I watched it just a couple years ago, and while '90s American animation... does not age well, the writing is still as sharp as ever. It helps to know a little Shakespeare, too.
The first season (which is short) and the first half of the second season (which is super-long) are on DVD. The second half of the second season will have to be downloaded. The third season should not be watched at all... it's been removed from canon for sucking. There was recently a short-lived comic book series written by the series creator picking things up after the end of the second season.
|Date:||February 17th, 2010 11:36 am (UTC)|| |
and causes way too much property damage
RIGHT?! That was one of the things that drove me crazy when I watched it back in the day. I was always worried about the people that were on the street at Superman battled with something and caused chunks of buildings to break.
All of this time and I still remember the Mr. Mxyzptlk ep, or at least the part where he gets rid of the little alien by having him write his name in the sky.
I mostly remember how that time after school during Batman and Superman was sacrosanct.
Was there an ep that really stood out to you?
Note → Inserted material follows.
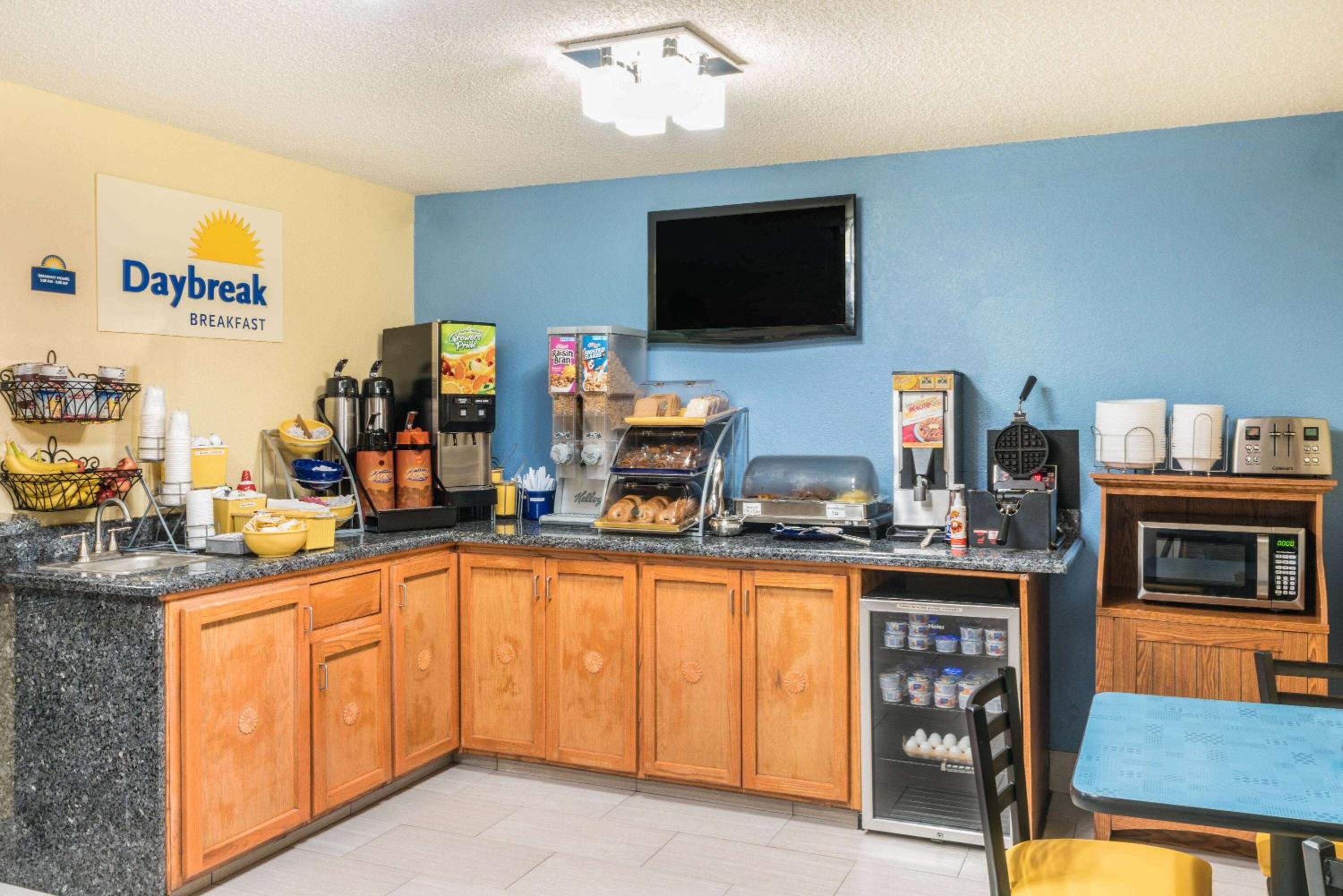 Tucumcari Vacations - Days Inn by Wyndham Tucumcari - Property Image 1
An? There were several! Obviously the Flash and Green Lantern and Aquaman eps because of the guest stars. The AU ep. "World's Finest." The Mxyzptlk ep. The one where Parasite and Livewire team up. The one with the Legion of Superheroes. "Apokolips...Now!" Supergirl! There were a lot of good ones.
I agree with this list. I'd also have to add "Knight Time" when Supes has to pretend to be Batman. Hi-larious. Supes as Bats after scaring a bunch of criminals: "This is kind of fun."
And Tim teaching him to be more like Batman! That was HILARIOUS.
I understand what you're saying re the continuity, and that's a good point. However, while I liked the Superman series, I didn't love it as much as the Batman one. Part of it, as you say, is inherent in the character of Superman having to face more larger-than-life villains, but I also thought Batman was better animated.
Oh, no question. B:TAS had a much better style and look to it, and I wasn't a fan of the revamp that matched the S:TAS animation. That being said, the S:TAS style was still good and crisp and worked for the show.
I also felt that the characterizations were more compelling on B:TAS. With few exceptions, the villains aren't as interesting and complex as on S:TAS. You really felt for those crazies in Gotham. The crazies Supes faces are generally just evil psycho alien robots.